Stabat Mater Dolorosa
About the subject
This piece has undergone a number of transformations, particularly regarding its garments. Originally, the Madonna was completely dressed in a chiton-like dress, taking the appearence of a more classical piece. The piece originally had a veil and a holy halo, but these were all eventually discarded, as they were not radical enough. In the end, the Madonna was stripped down to the bare minimum and was given a crown in the style of the french gothic madonnas, in order to create a clear contrast between imagery and depiction.

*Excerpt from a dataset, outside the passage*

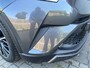 Toyota C-HR / C-HR+ 1.8 Hybrid Bi-Tone | Lederen bekleding| Stoelverwarming| Navi| JBL Speakers| Adaptieve cruise control| Parkeersensoren v+a| Dode hoek sensor| Afneembare Trekhaak| All season banden|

If one was to take a look at the development of the depictions of the Virgin Mary during the course of history, one would probably fascinated by the depictions of her in gothic and particularly renaisance art. I am quite fond of renaisance decpictions of biblical figures, because of the way they is represented in a then contemporary manner. What I mean by this, is that the stylistic difference between the clothing of saints and what people were actually wearing on the court was so small, that in a way the seem to belong to the same period, equivalent to seeing the Virgin Mary wearing trousers and Jesus wearing a suit. I know, the comparison might seem ludicrous, mainly because our depictions of biblical figures have shifted to what might seem to be a 'historically speaking more accurate' depiction, making the gap between them and us bigger, dehumanizing them.
I find the dehumanization of the Virgin Mary particularly concerning, as this she is, in many ways, an implicit role model that defines femminity. If we take a look at the Virgin Mary an the cult built around her at the time of the renaissance, we would see her role as nursing mother in the center of it, very much like that what was expected from women back at the time. Although often referred to as the Queen of heaven the role of Mary in the iconography was hardly more than twofold:
- The mother that nurses her child
- The mother that cries the loss of her child
Compared to what the role of women has become after years of sexual revolution, feminism and fight for equal rights, the gothic and renaissance depiction of the ideal of woman seems quite archaic and troublesome and quite ripe for a revision.
About the desecration of Mary
I have often heard my work to be profane and insulting, desecrating the holy and simply obscene. I would argue this is only partially true. It might be true that all the body references I used for this piece were porn actresses and that the depiction of such a sinful woman on a pedestal could be interpreted as mocking religion, but here I ask: are we not all humans born the same and the same to eyes of God? So why would sex workers doing an honest job be dehumanized and frowned upon? This is my answer to these accusations: Mary was a woman and thus as human as any of us, with her struggles, temptations and pleasures, all of them omitted in the Bible, that, is the real desecration of Mary, her instrumentalization and reduction to a womb and a mourner, nothing more.
Stabat Mater Dolorosa attempts to give that depiction something of that humanity back, making her look vulnerable and human. Not only because of her pain, but also because of her fragility, her nudity, her sexuality. All human things we can all relate to.